THE TASK:
From the first line to the last, return the data exactly, with no pictures.

Caption-style text data:
_____

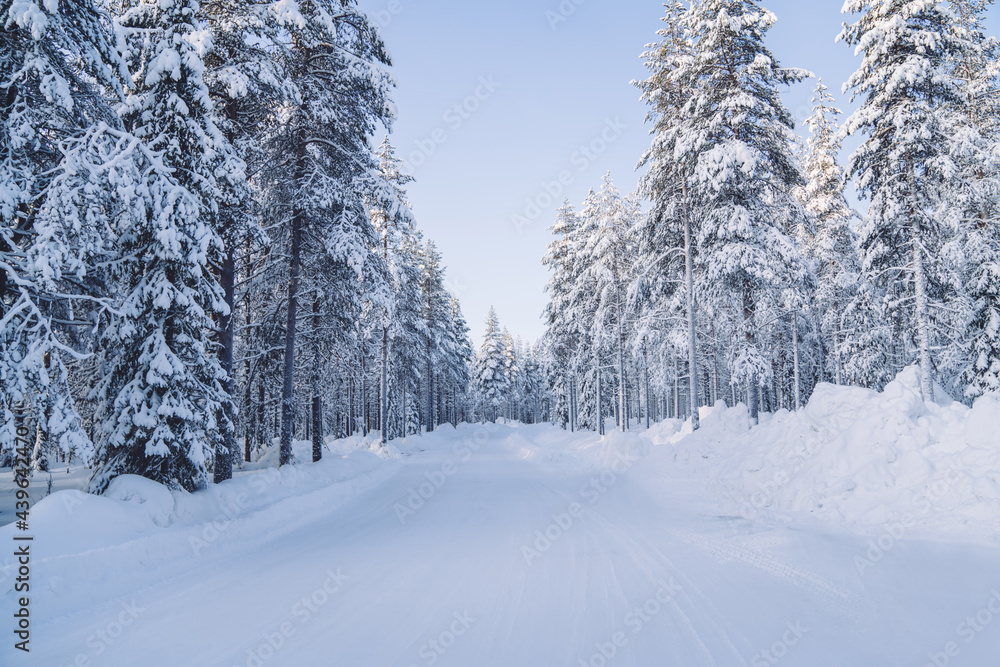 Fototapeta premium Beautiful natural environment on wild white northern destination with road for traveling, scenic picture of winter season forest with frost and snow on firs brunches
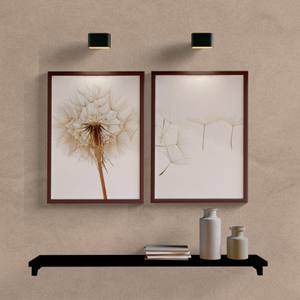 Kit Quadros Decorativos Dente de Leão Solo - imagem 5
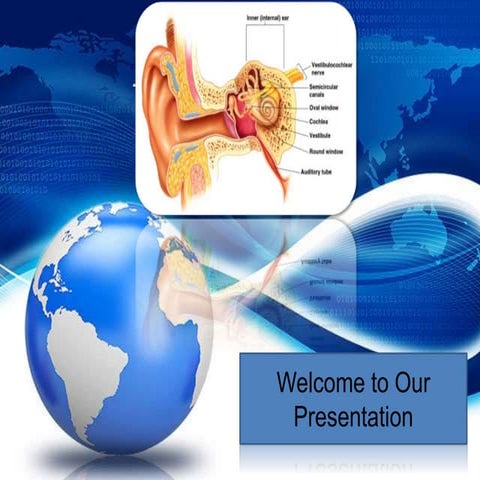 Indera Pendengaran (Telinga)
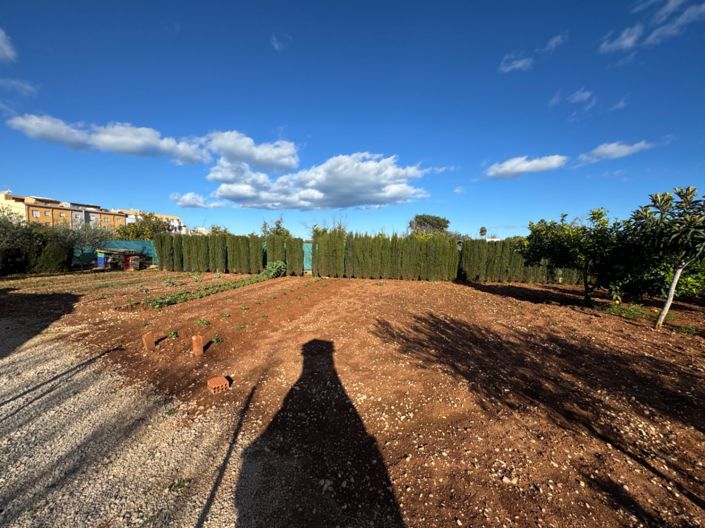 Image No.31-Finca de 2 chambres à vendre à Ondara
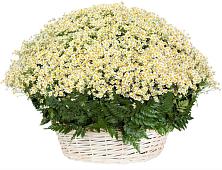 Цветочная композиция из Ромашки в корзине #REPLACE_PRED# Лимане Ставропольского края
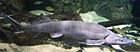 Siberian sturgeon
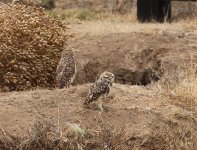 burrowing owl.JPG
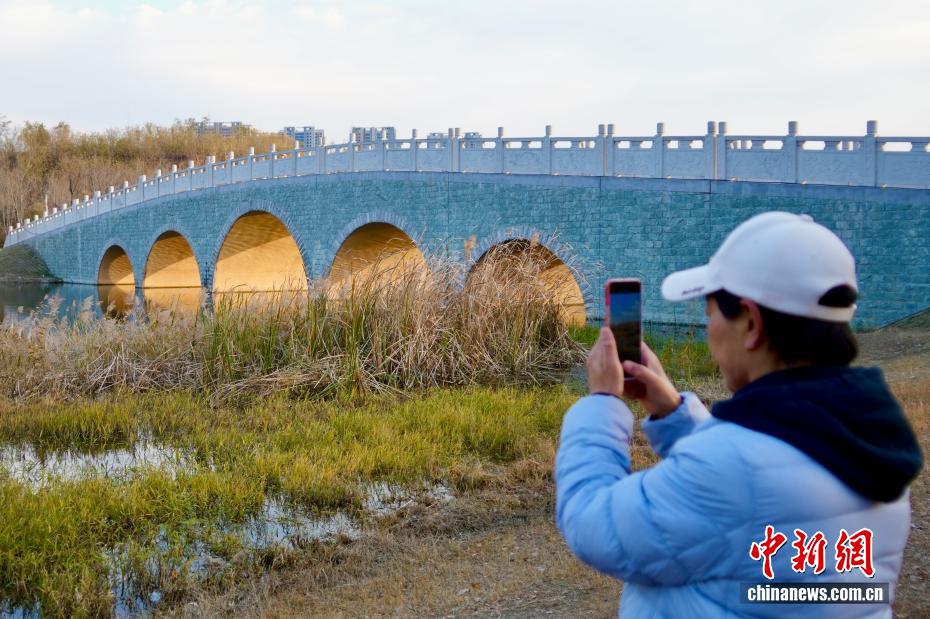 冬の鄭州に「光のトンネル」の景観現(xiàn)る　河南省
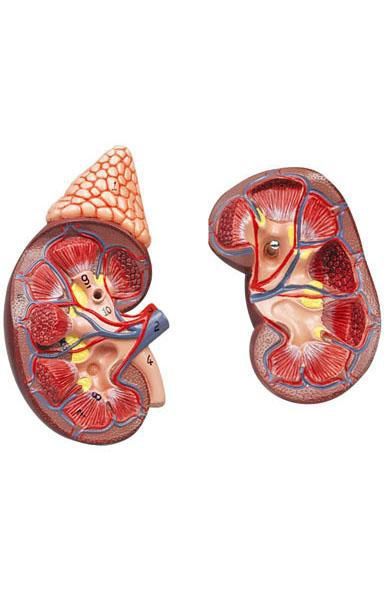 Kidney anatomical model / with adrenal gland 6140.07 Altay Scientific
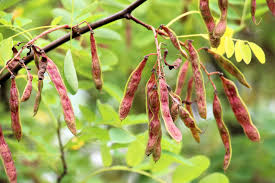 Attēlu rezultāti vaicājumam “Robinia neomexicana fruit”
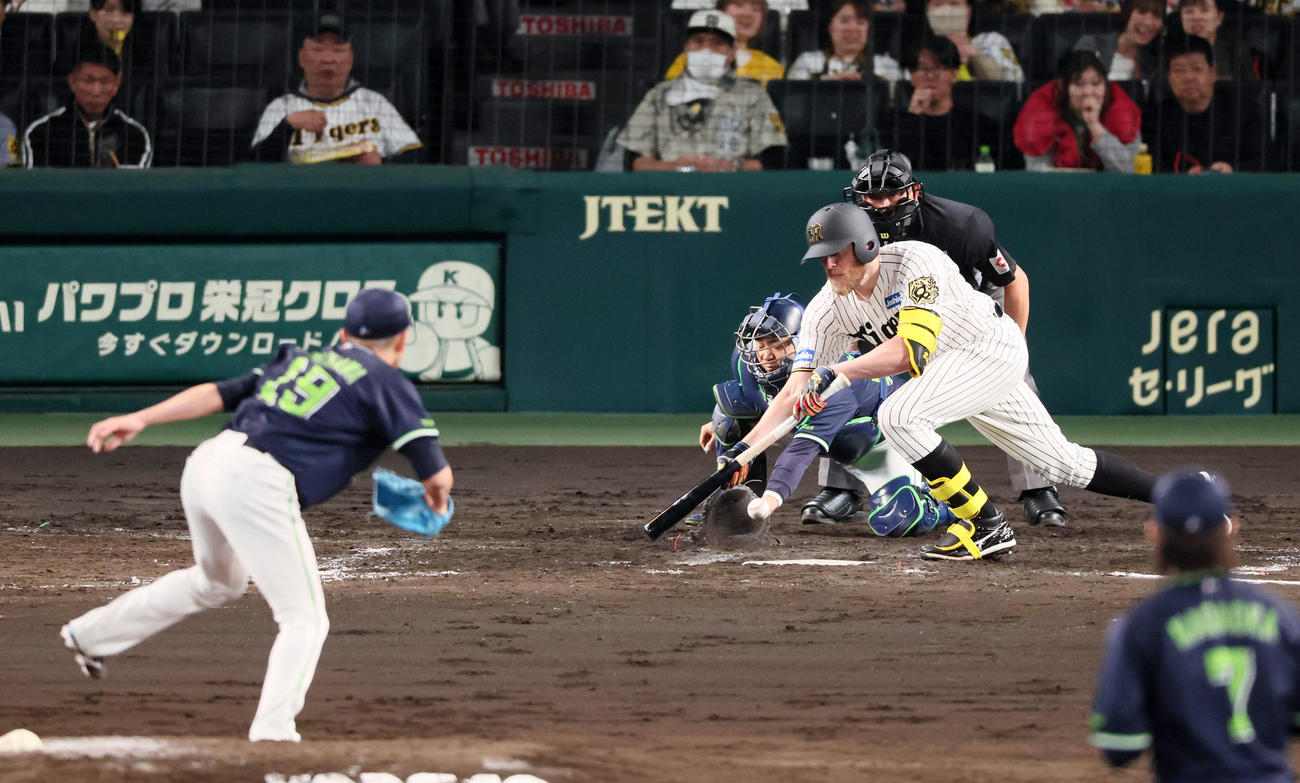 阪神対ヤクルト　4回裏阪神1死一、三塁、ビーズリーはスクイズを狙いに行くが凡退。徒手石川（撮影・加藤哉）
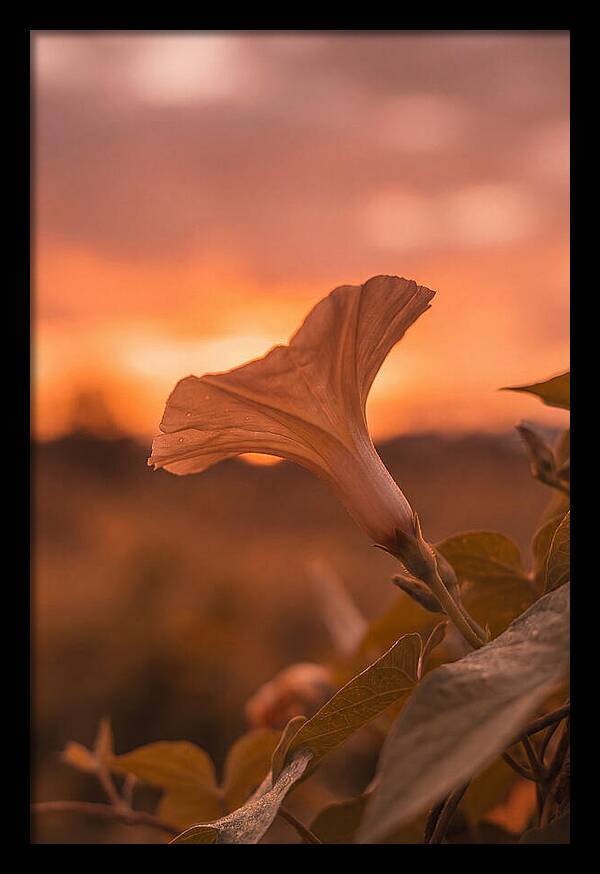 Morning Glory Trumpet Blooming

_____

THE COMPLETED TASK:
 Fototapeta premium Beautiful natural environment on wild white northern destination with road for traveling, scenic picture of winter season forest with frost and snow on firs brunches
 Kit Quadros Decorativos Dente de Leão Solo - imagem 5
 Indera Pendengaran (Telinga)
 Image No.31-Finca de 2 chambres à vendre à Ondara
 Цветочная композиция из Ромашки в корзине #REPLACE_PRED# Лимане Ставропольского края
 Siberian sturgeon
 burrowing owl.JPG
 冬の鄭州に「光のトンネル」の景観現(xiàn)る　河南省
 Kidney anatomical model / with adrenal gland 6140.07 Altay Scientific
 Attēlu rezultāti vaicājumam “Robinia neomexicana fruit”
 阪神対ヤクルト　4回裏阪神1死一、三塁、ビーズリーはスクイズを狙いに行くが凡退。徒手石川（撮影・加藤哉）
 Morning Glory Trumpet Blooming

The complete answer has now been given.